Josef Koumar,Karel Hynek,Tomáš Čejka,Pavel Šiška
2024-09-28
Abstract:Anomaly detection in network traffic is crucial for maintaining the security of computer networks and identifying malicious activities. One of the primary approaches to anomaly detection are methods based on forecasting. Nevertheless, extensive real-world network datasets for forecasting and anomaly detection techniques are missing, potentially causing performance overestimation of anomaly detection algorithms. This manuscript addresses this gap by introducing a dataset comprising time series data of network entities' behavior, collected from the CESNET3 network. The dataset was created from 40 weeks of network traffic of 275 thousand active IP addresses. The ISP origin of the presented data ensures a high level of variability among network entities, which forms a unique and authentic challenge for forecasting and anomaly detection models. It provides valuable insights into the practical deployment of forecast-based anomaly detection approaches.
Machine Learning,Artificial Intelligence
What problem does this paper attempt to address?

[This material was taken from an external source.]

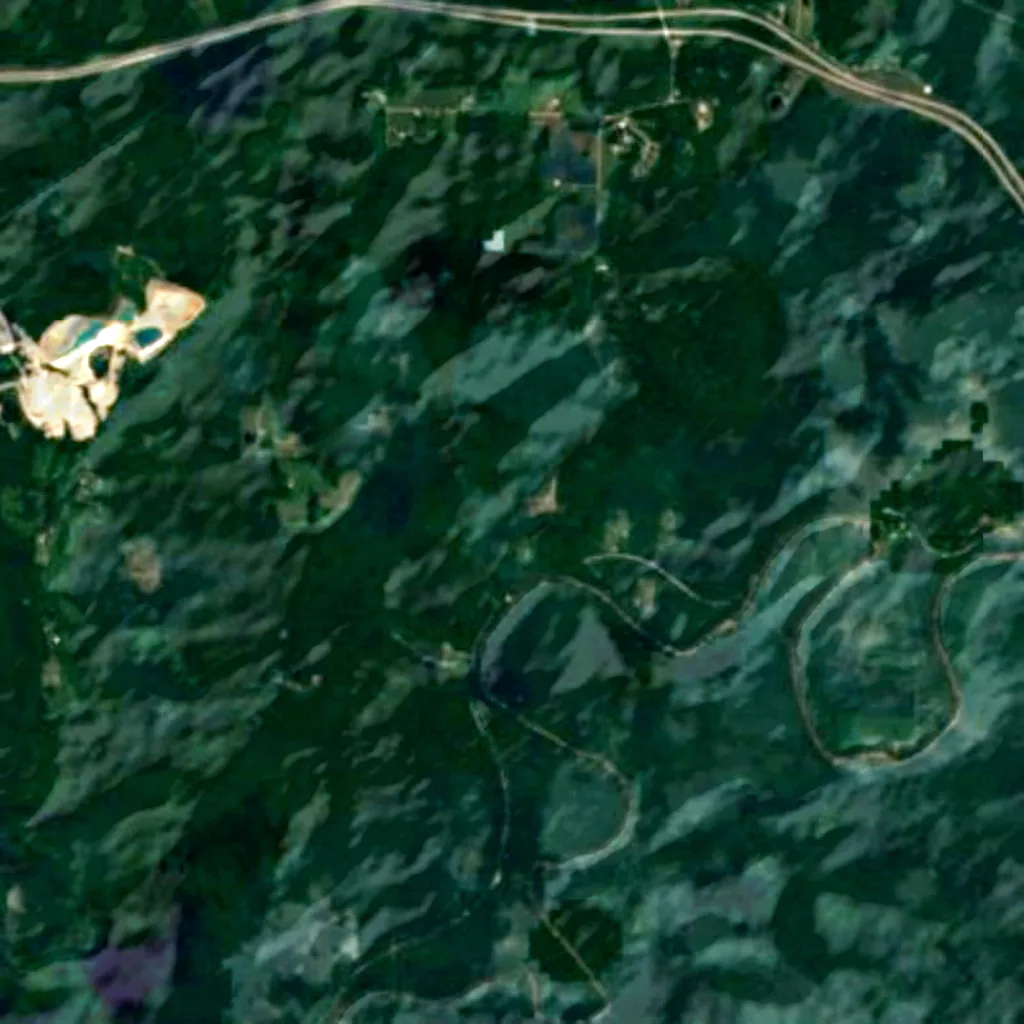 De grond boven Wyandotte Caves (Sentinel-2)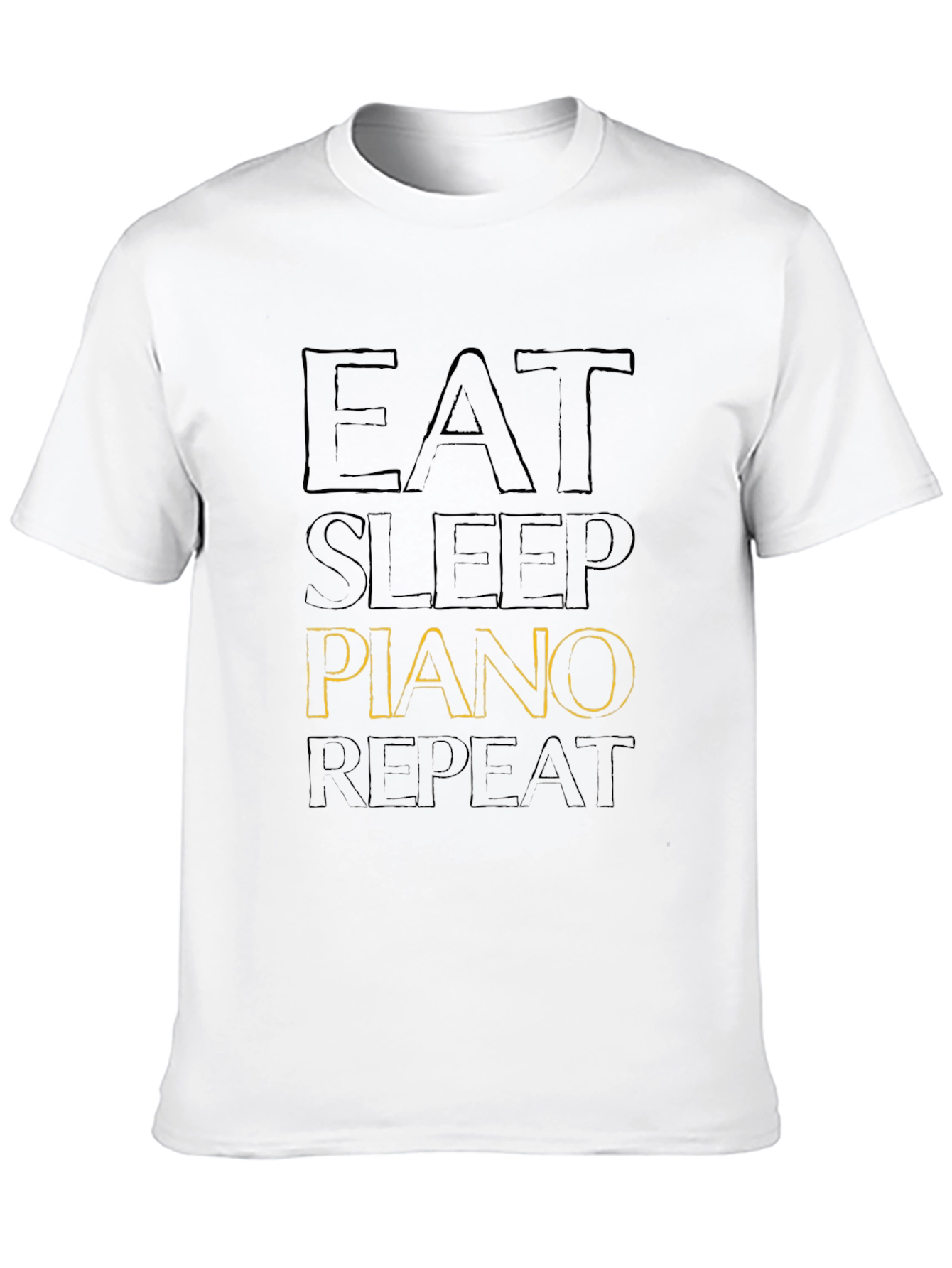 Eat Sleep Piano Repeat Black T-Shirt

The main problem this paper attempts to address is the lack of real-world long-term datasets for network traffic anomaly detection. Specifically: 1. **Lack of Real Datasets**: Many datasets currently used to evaluate network traffic anomaly detection and prediction techniques are synthetic. These datasets cannot fully reflect the complexity and diversity of the real world, which may lead to an overestimation of algorithm performance. 2. **Dataset Limitations**: Existing real-world datasets are often short in duration or do not contain enough types of network entities, limiting the comprehensive evaluation of network traffic prediction and anomaly detection methods. 3. **Privacy Issues**: Due to privacy protection reasons, many real-world datasets cannot be made public, further exacerbating the above problems. To address these issues, the paper introduces a new dataset called CESNET-TimeSeries24. This dataset contains network traffic time series data from over 275,000 active IP addresses collected over 40 weeks from the Czech Education and Scientific Network (CESNET3). The characteristics of the dataset include: - **High Variability**: The data comes from an ISP network, ensuring a high diversity of network entities. - **Comprehensive Coverage**: The dataset includes all types of network anomalies identified by Chandola et al. and Basdekidou et al. - **Multiple Time Scales**: It provides aggregated data at 10-minute, 1-hour, and 1-day intervals to suit different application scenarios. - **Anonymization**: The data has been rigorously anonymized to ensure user privacy is not compromised. With this dataset, researchers can better evaluate and improve prediction-based network traffic anomaly detection methods, thereby enhancing network security.